→ **What the exercise asks**
Without copying the images, write out all the entries below verbatim.

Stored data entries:
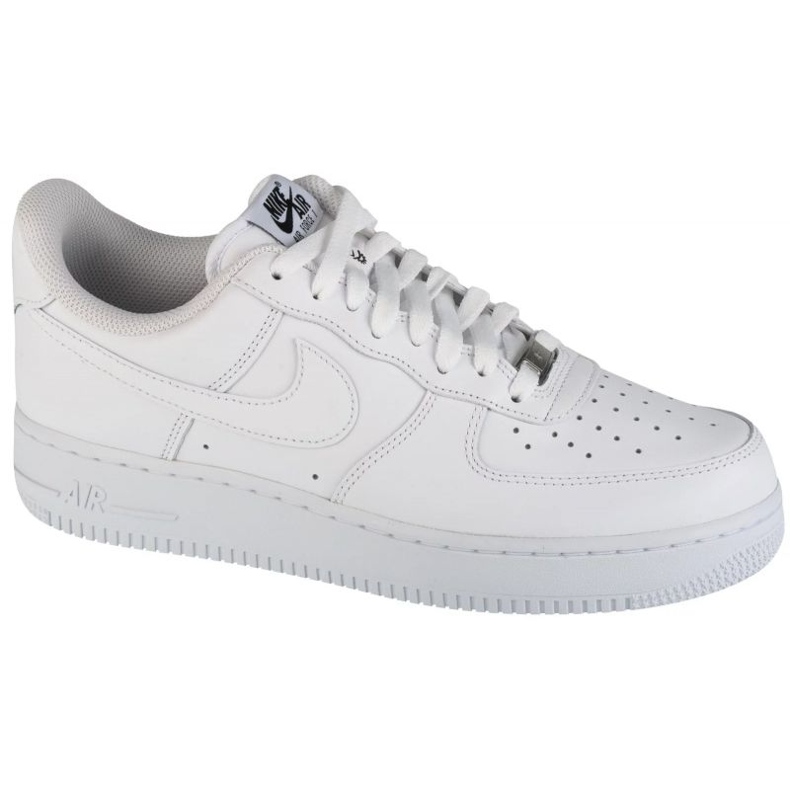 Chaussures Nike Air Force 1 07 FD1146-100 blanche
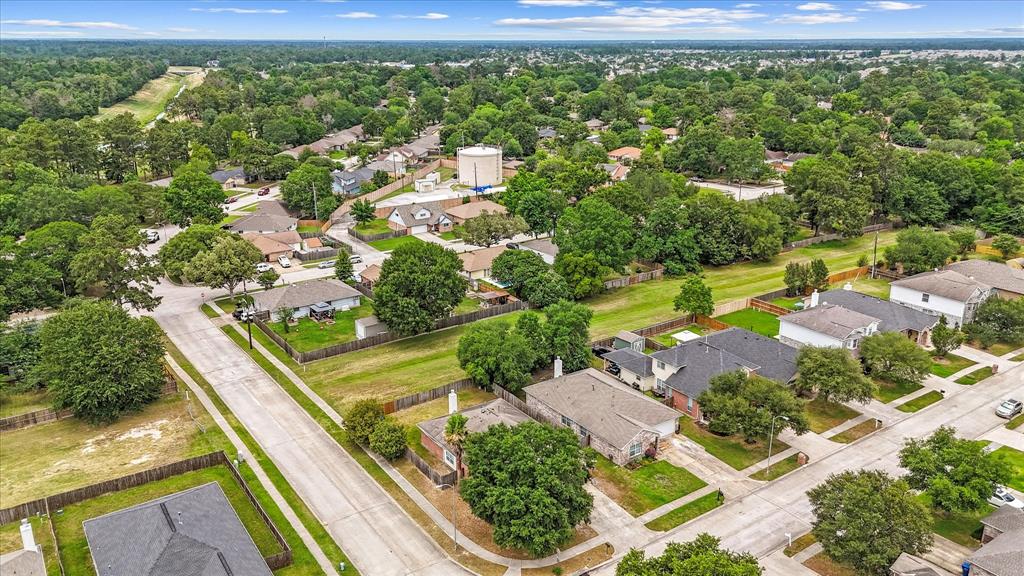 2510 Leichester Drive, Spring, Texas image 28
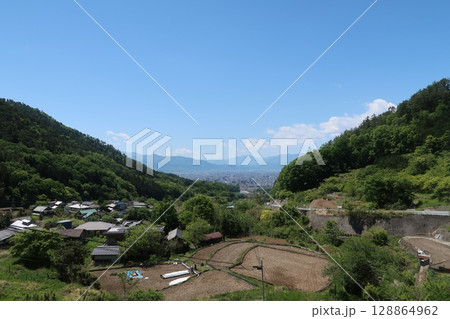 上積翠寺集落の様子と甲府盆地の眺望 上積翠寺集落の様子と甲府盆地の眺望 128864962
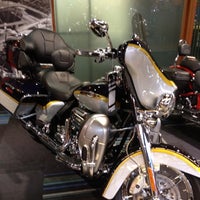 รูปภาพถ่ายที่ Trev Deeley Motorcycles โดย Jeff H. เมื่อ 3/30/2012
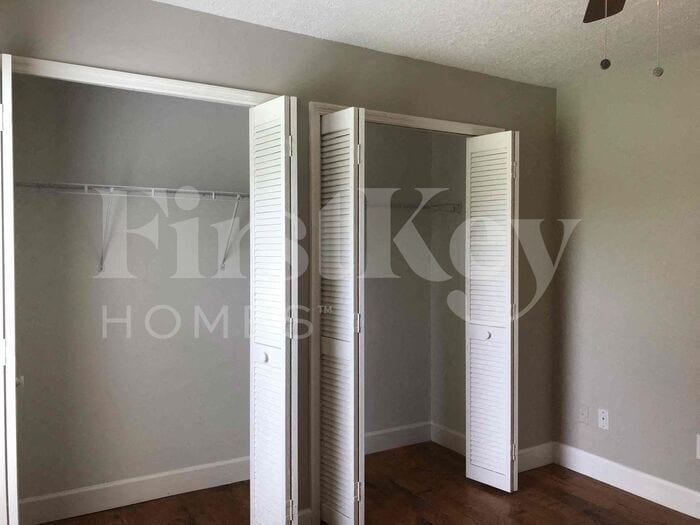 Building Photo - 3600 Molona Dr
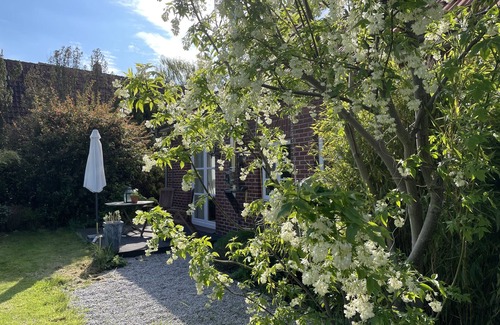 Westerstede House | Country house - bicycle route - 2 sleeping acc. - from 5 nights - fireplace - final cleaning incl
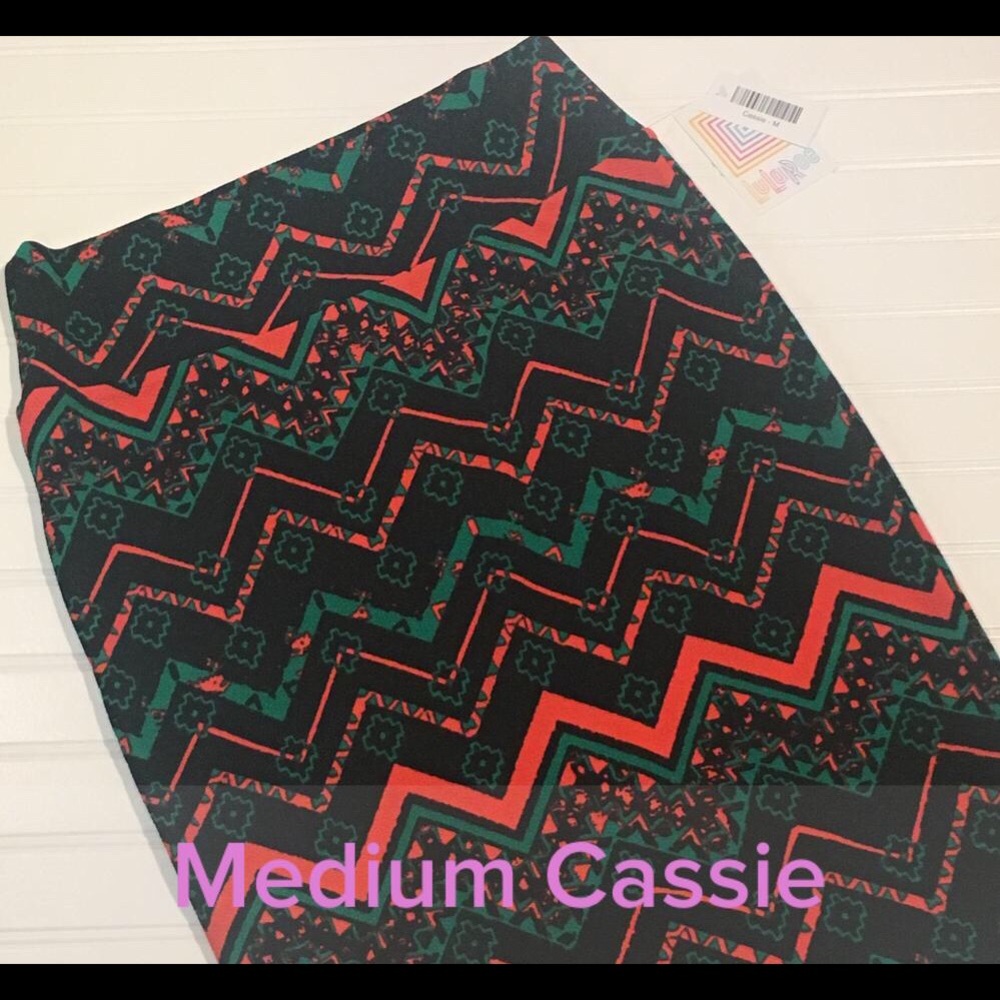 Medium LuLaRoe Cassie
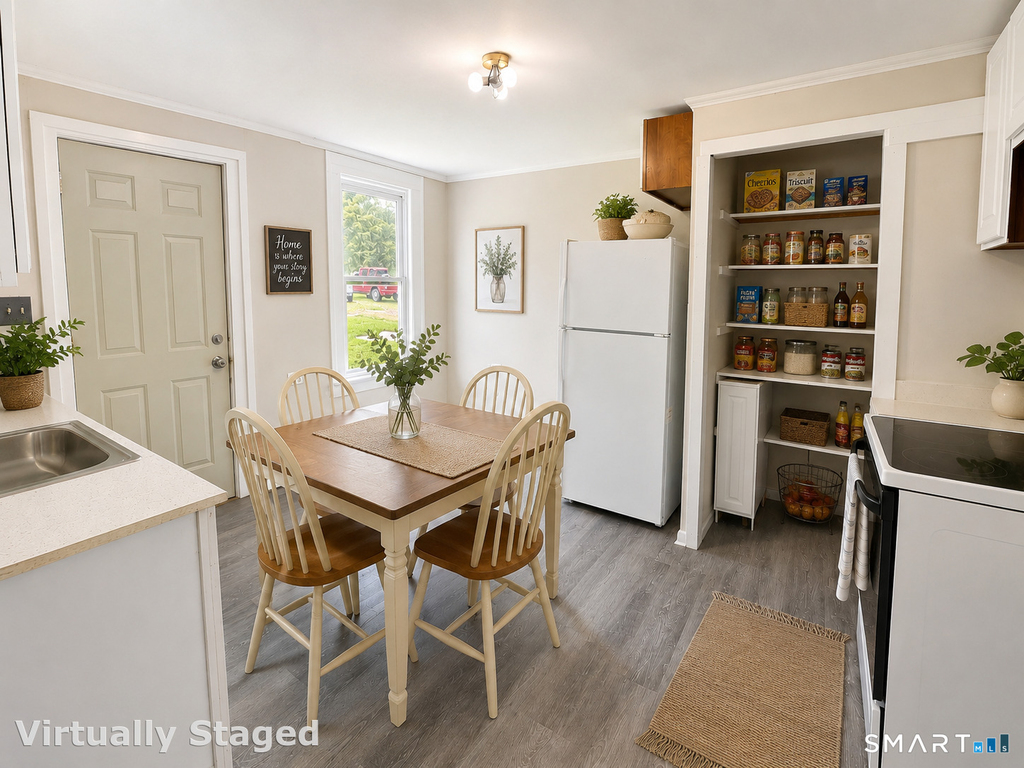 71 Freestone Avenue - Photo 1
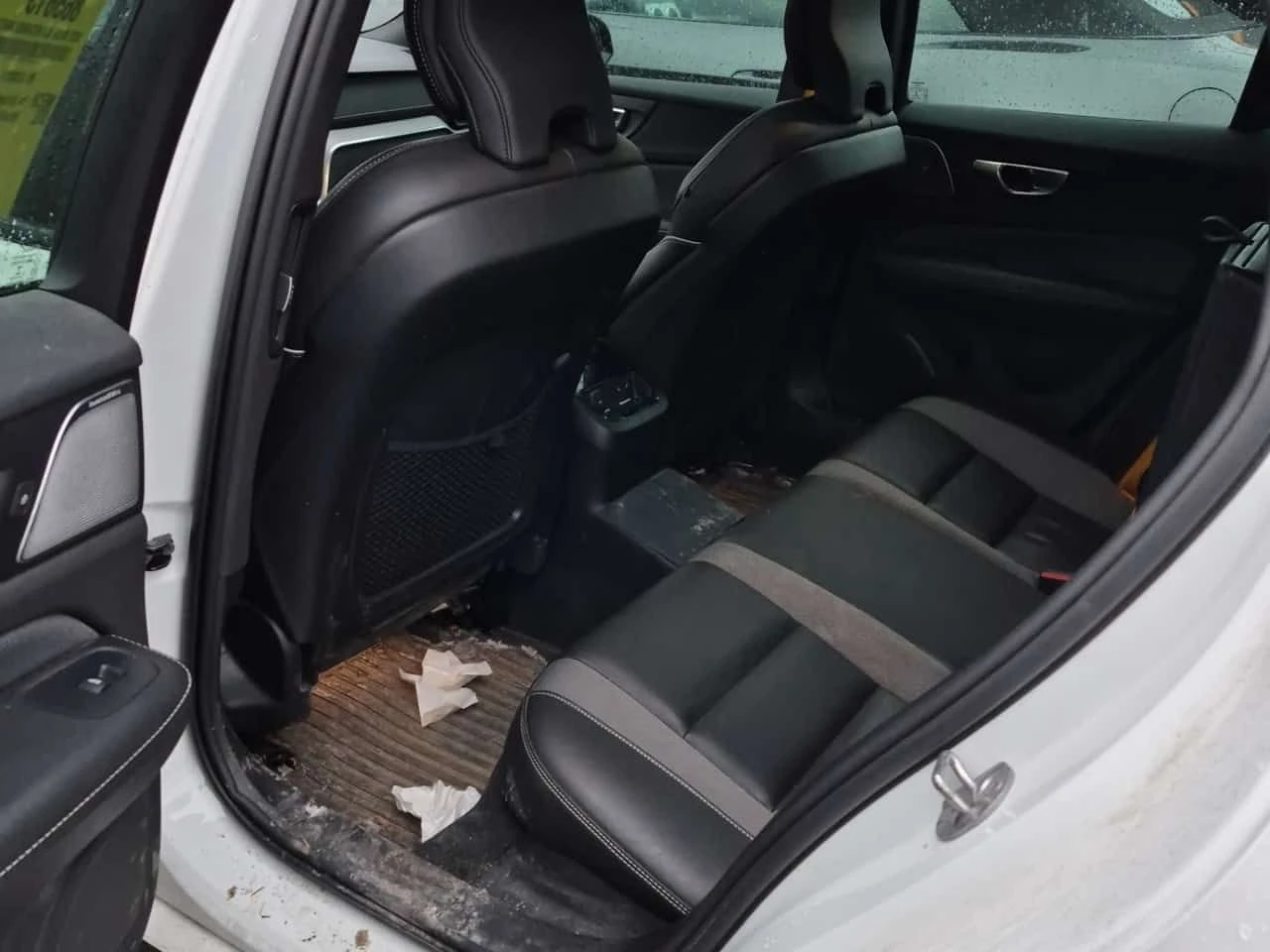 Volvo V60 POLESTAR ENGINEERED * Без инциденти * One owner * , снимка 10 - Автомобили и джипове - 54044533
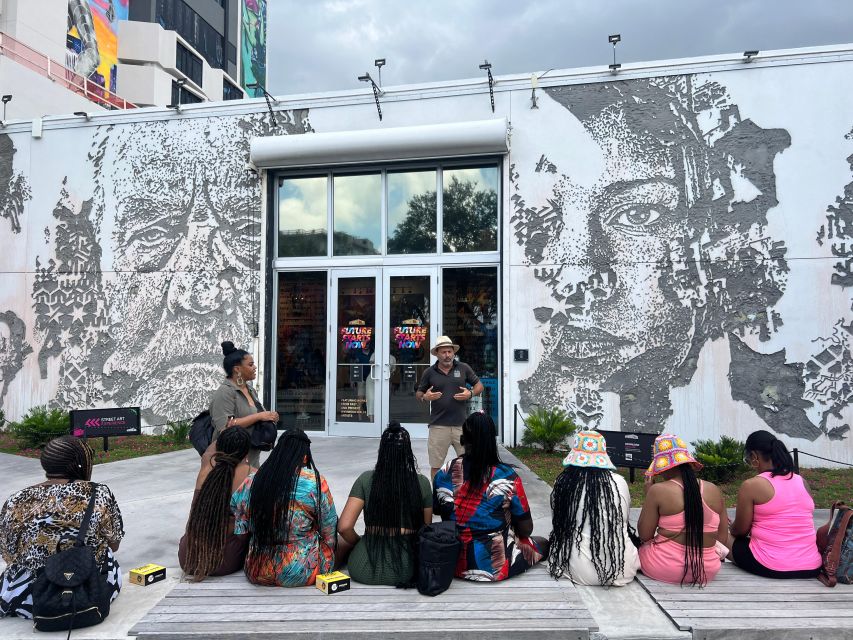 Wynwood Walls Street Art & Neighborhood Walking Tour - Shopping and wandering time without losing the route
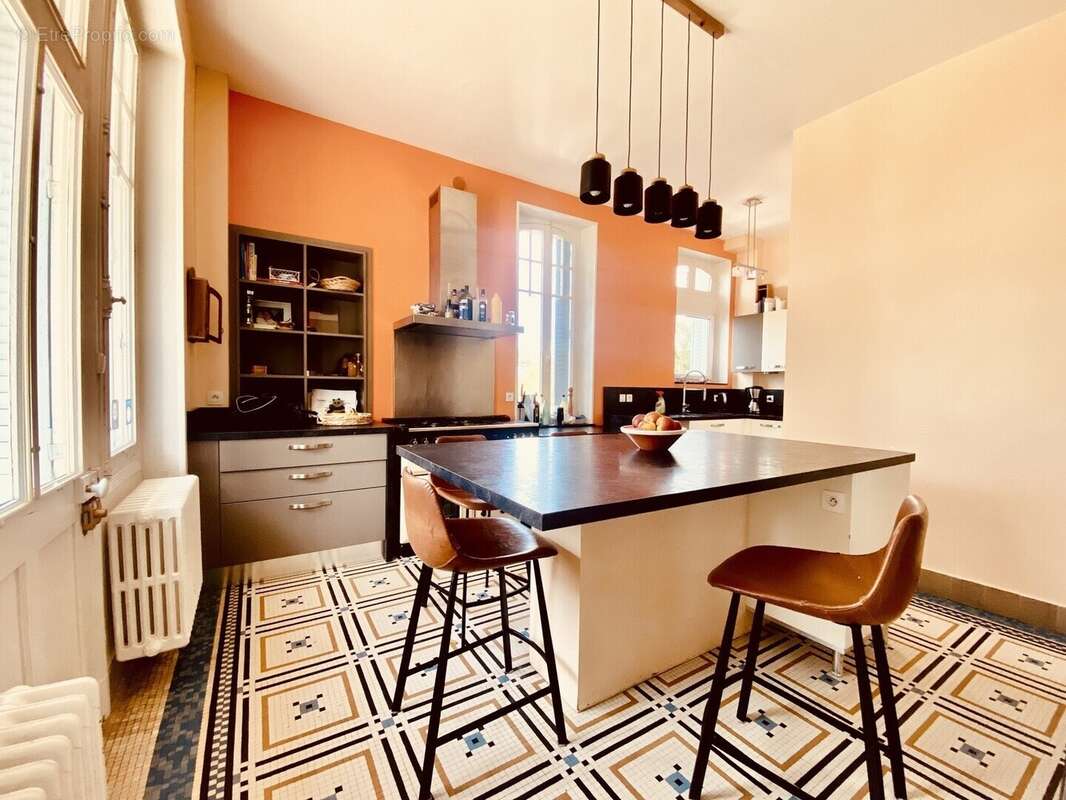 Maison 254 m² à Neris-Les-Bains  - photo 2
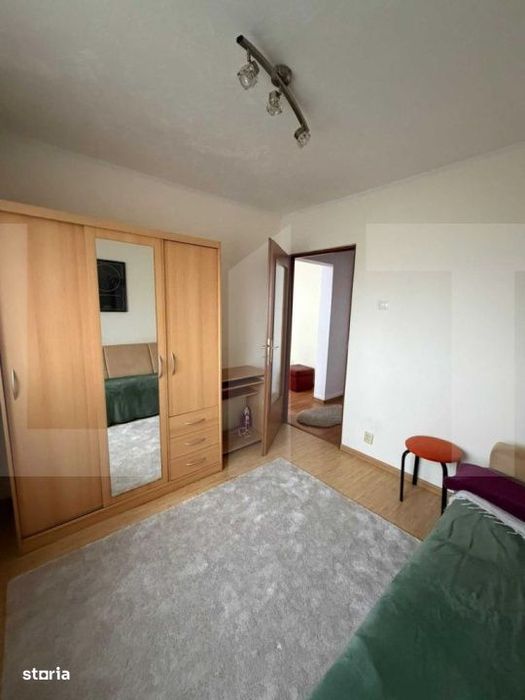 Apartament cu 3 camere, geam la baie, Vlaicu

→ **Answer to this exercise**
 Chaussures Nike Air Force 1 07 FD1146-100 blanche
 2510 Leichester Drive, Spring, Texas image 28
 上積翠寺集落の様子と甲府盆地の眺望 上積翠寺集落の様子と甲府盆地の眺望 128864962
 รูปภาพถ่ายที่ Trev Deeley Motorcycles โดย Jeff H. เมื่อ 3/30/2012
 Building Photo - 3600 Molona Dr
 Westerstede House | Country house - bicycle route - 2 sleeping acc. - from 5 nights - fireplace - final cleaning incl
 Medium LuLaRoe Cassie
 71 Freestone Avenue - Photo 1
 Volvo V60 POLESTAR ENGINEERED * Без инциденти * One owner * , снимка 10 - Автомобили и джипове - 54044533
 Wynwood Walls Street Art & Neighborhood Walking Tour - Shopping and wandering time without losing the route
 Maison 254 m² à Neris-Les-Bains  - photo 2
 Apartament cu 3 camere, geam la baie, Vlaicu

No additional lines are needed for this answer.